Des agriculteurs seront "sur place avec des tracteurs", annonce Vincent Delabouglise, membre de Copains 44, collectif d'organisations agricoles. "Le gouvernement vient mettre le feu sur un territoire où les choses commençaient à s'apaiser", soupire-t-il, disant "craindre le pire".
"Il y aura des personnes arrêtées, des habitats détruits. Mais la ZAD ne va pas être rasée. Les gens vont revenir et reconstruire", prévient Camille.
"Tout ça pourrait se discuter beaucoup plus tranquillement, il y a des gens qui veulent rester sur place (...)Pourquoi faire tout ça? Pourquoi cette bataille rangée?", s'est interrogé Jean-Luc Mélenchon, invité dimanche du Grand rendez-vous Europe 1/Les Echos/ CNews. "C'est vraiment de la gesticulation, c'est une diversion...", a estimé le leader de la France Insoumise, accusant le président de la République d'espérer "créer un incident là-bas", lui permettant de dire "+il y a des violences partout+... tout ça est grotesque".
Selon une source parlementaire de la majorité ayant requis l'anonymat et évoquant cette évacuation à venir, "ils (le gouvernement) sont sur l'option maximaliste".

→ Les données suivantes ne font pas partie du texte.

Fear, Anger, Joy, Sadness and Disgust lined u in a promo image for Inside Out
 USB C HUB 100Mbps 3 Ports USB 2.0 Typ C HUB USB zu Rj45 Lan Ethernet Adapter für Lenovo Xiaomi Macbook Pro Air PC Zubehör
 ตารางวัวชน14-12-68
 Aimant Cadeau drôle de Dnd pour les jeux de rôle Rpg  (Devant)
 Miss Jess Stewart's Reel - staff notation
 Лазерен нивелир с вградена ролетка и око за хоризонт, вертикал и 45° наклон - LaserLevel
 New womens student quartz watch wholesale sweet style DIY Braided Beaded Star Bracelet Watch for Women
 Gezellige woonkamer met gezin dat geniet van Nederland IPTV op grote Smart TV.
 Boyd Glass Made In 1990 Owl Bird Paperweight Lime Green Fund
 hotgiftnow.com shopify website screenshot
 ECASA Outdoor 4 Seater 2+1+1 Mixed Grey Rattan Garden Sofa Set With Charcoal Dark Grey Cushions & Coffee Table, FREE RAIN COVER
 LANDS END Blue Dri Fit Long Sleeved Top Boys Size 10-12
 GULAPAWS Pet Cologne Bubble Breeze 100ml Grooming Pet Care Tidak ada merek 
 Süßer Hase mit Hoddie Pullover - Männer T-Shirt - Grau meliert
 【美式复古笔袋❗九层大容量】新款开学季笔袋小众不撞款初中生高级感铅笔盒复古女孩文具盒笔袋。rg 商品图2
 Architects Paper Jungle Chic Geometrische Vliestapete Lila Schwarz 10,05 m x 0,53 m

En parallèle à leur action sur le terrain, les occupants mènent le combat sur le terrain juridique.
Dans une lettre adressée samedi à Édouard Philippe, leurs avocats ont dénoncé des procédures d'expulsions illégales car menées "au mépris des droits (...) garantis par le code des procédures civiles d'exécution et, plus généralement, de l'État de droit". En cas d'expulsion, ils ont annoncé leur intention d'engager des recours pour faire condamner l'État.